**Given records:**
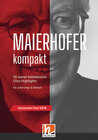 Buchcover Maierhofer kompakt SATB - Kleinformat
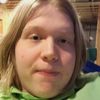leviwillrich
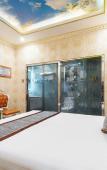 Туры в отель Townhouse Cuong Thanh 3 Hotel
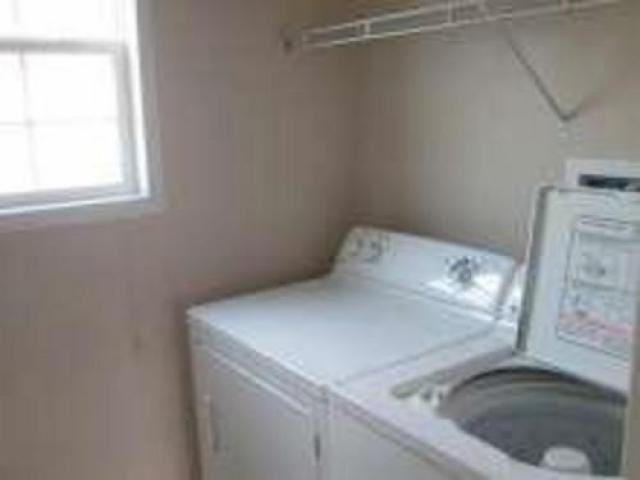 4981 Eisenhower Dr - Photo 2 of 6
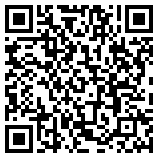 QR Code for Barkaya Sushi & Ramen in Springfield, MA 01103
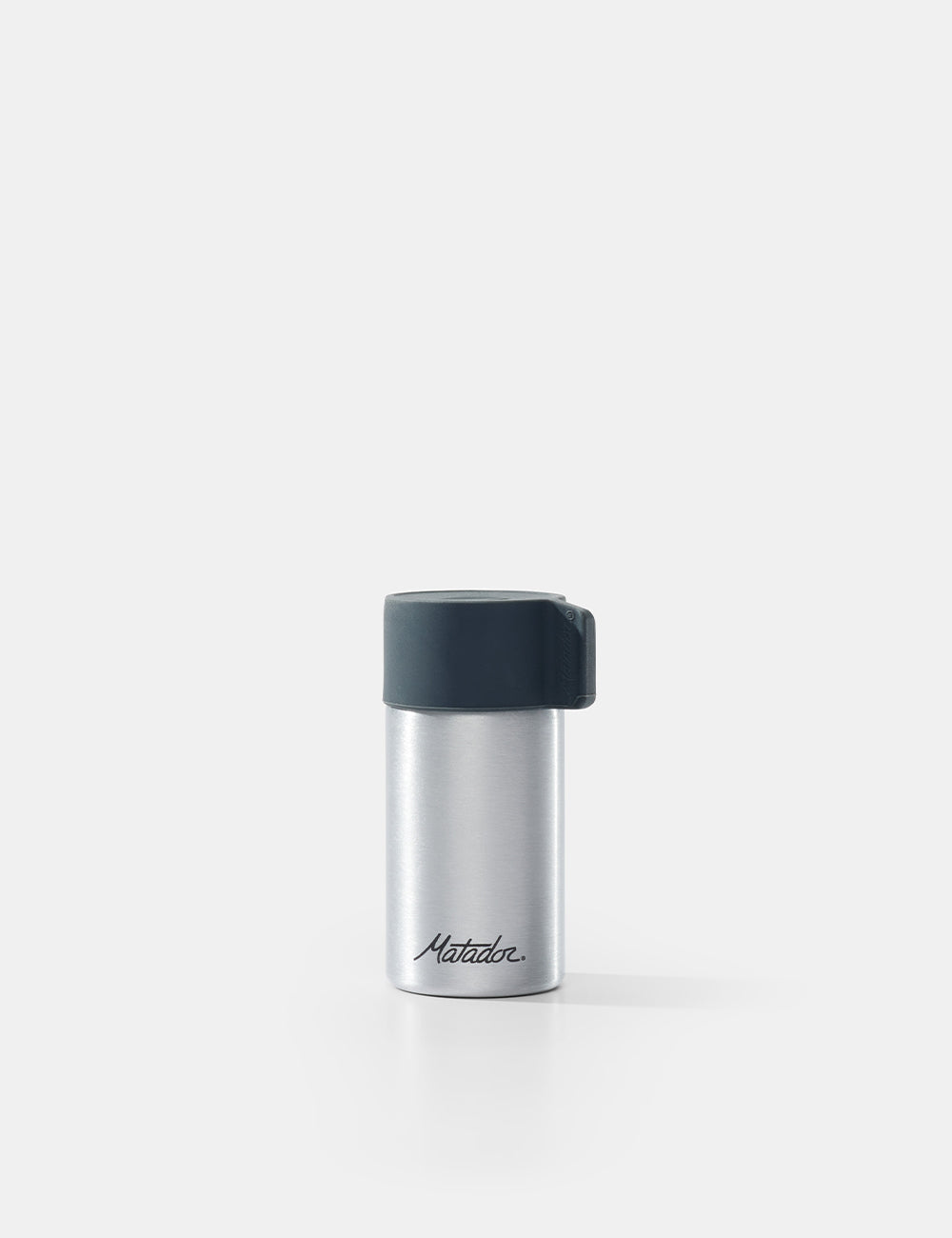Matador Waterproof Travel Canister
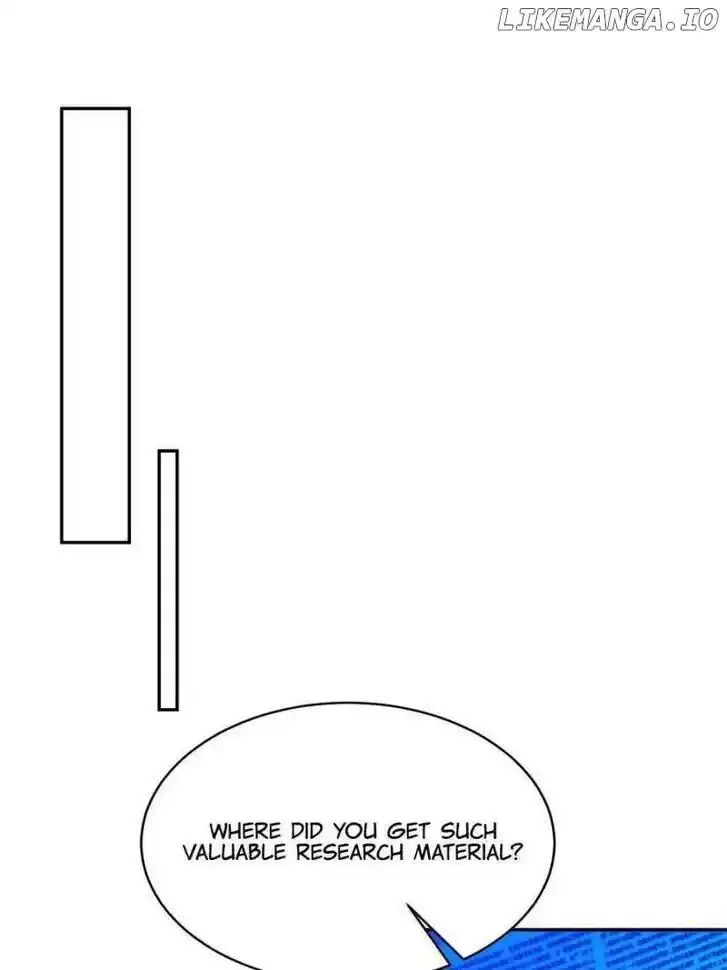 Diqiu Ren Shizai Tai Xiongmengle Ch.214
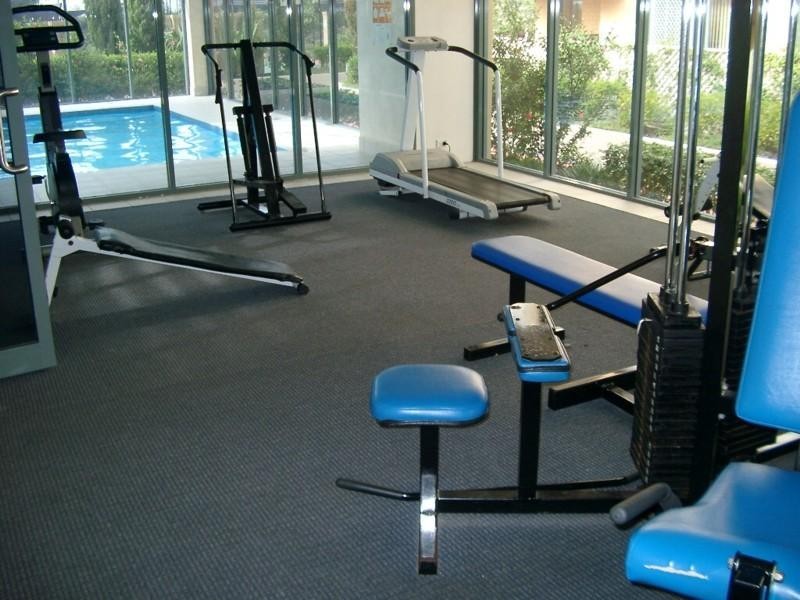 807/3 Rockdale Plaza Drive, Rockdale NSW 2216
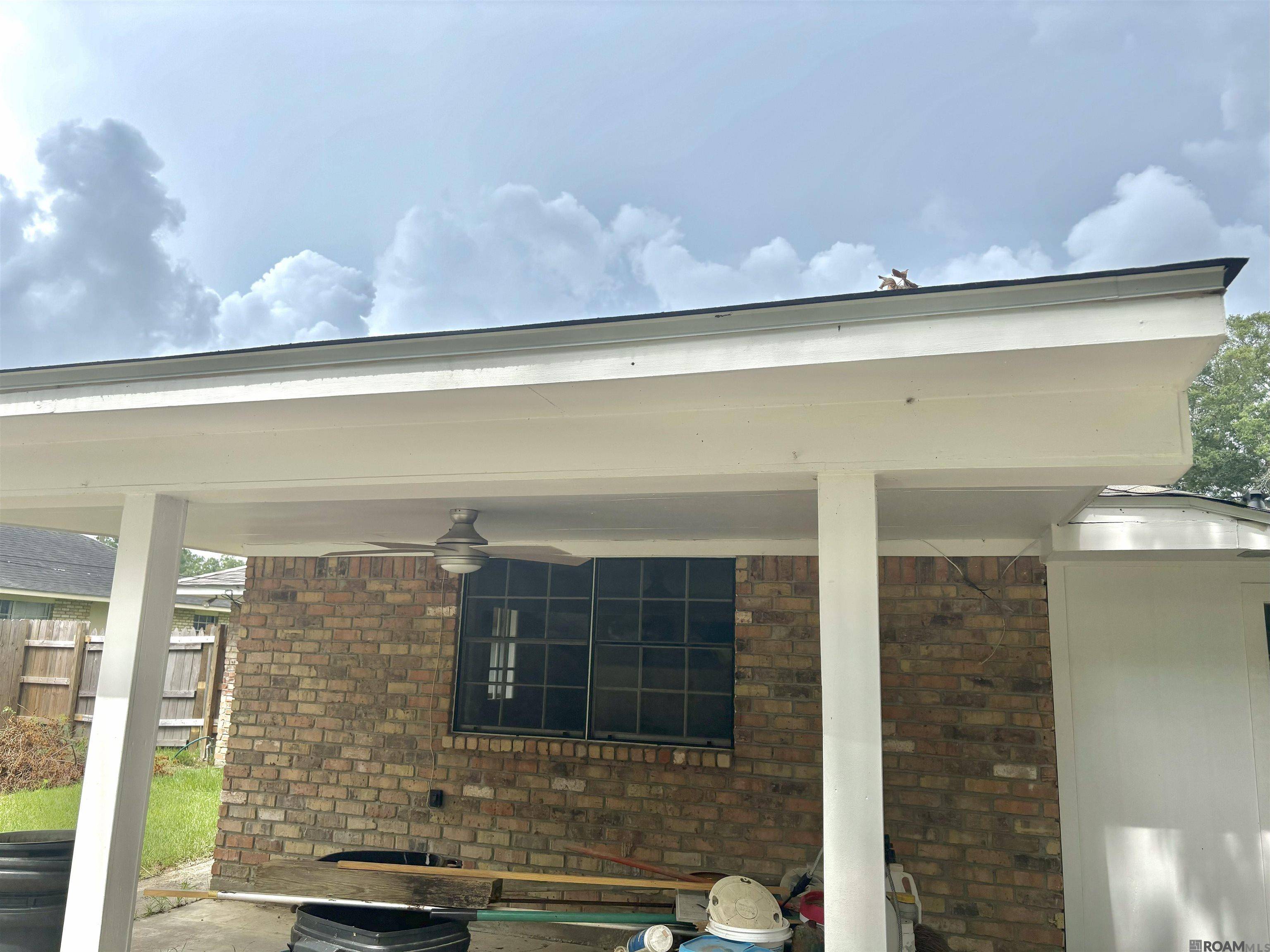 Baton Rouge, LA 70819,433 Bonnie Jean Dr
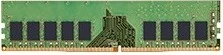 RAM Memorje Kingston 16GB DDR4 3200MHz ECC, 288-pin DIMM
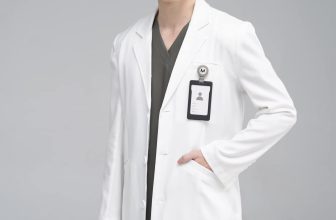 [🆕🇻🇳] Medwear – Thương hiệu thời trang y tế 👕 Top1Fashion 👗  Combo Scrubs và Blouse nam đang gây sốt tại Medwear dịp lễ này, inbox cho Medwear ngay trước khi hết size nhé.
————————————–
𝗠𝗲𝗱 , shares-1✔️ , likes-74❤️️ , date-2024-02-26 01:41:18🇻🇳🇻🇳🇻🇳📰🆕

**Instructions for the task:** Please give the data again in full, exactly as written, but without any images.

**The completed task:**
 Buchcover Maierhofer kompakt SATB - Kleinformat
leviwillrich
 Туры в отель Townhouse Cuong Thanh 3 Hotel
 4981 Eisenhower Dr - Photo 2 of 6
 QR Code for Barkaya Sushi & Ramen in Springfield, MA 01103
Matador Waterproof Travel Canister
 Diqiu Ren Shizai Tai Xiongmengle Ch.214
 807/3 Rockdale Plaza Drive, Rockdale NSW 2216
 Baton Rouge, LA 70819,433 Bonnie Jean Dr
 RAM Memorje Kingston 16GB DDR4 3200MHz ECC, 288-pin DIMM
 [🆕🇻🇳] Medwear – Thương hiệu thời trang y tế 👕 Top1Fashion 👗  Combo Scrubs và Blouse nam đang gây sốt tại Medwear dịp lễ này, inbox cho Medwear ngay trước khi hết size nhé.
————————————–
𝗠𝗲𝗱 , shares-1✔️ , likes-74❤️️ , date-2024-02-26 01:41:18🇻🇳🇻🇳🇻🇳📰🆕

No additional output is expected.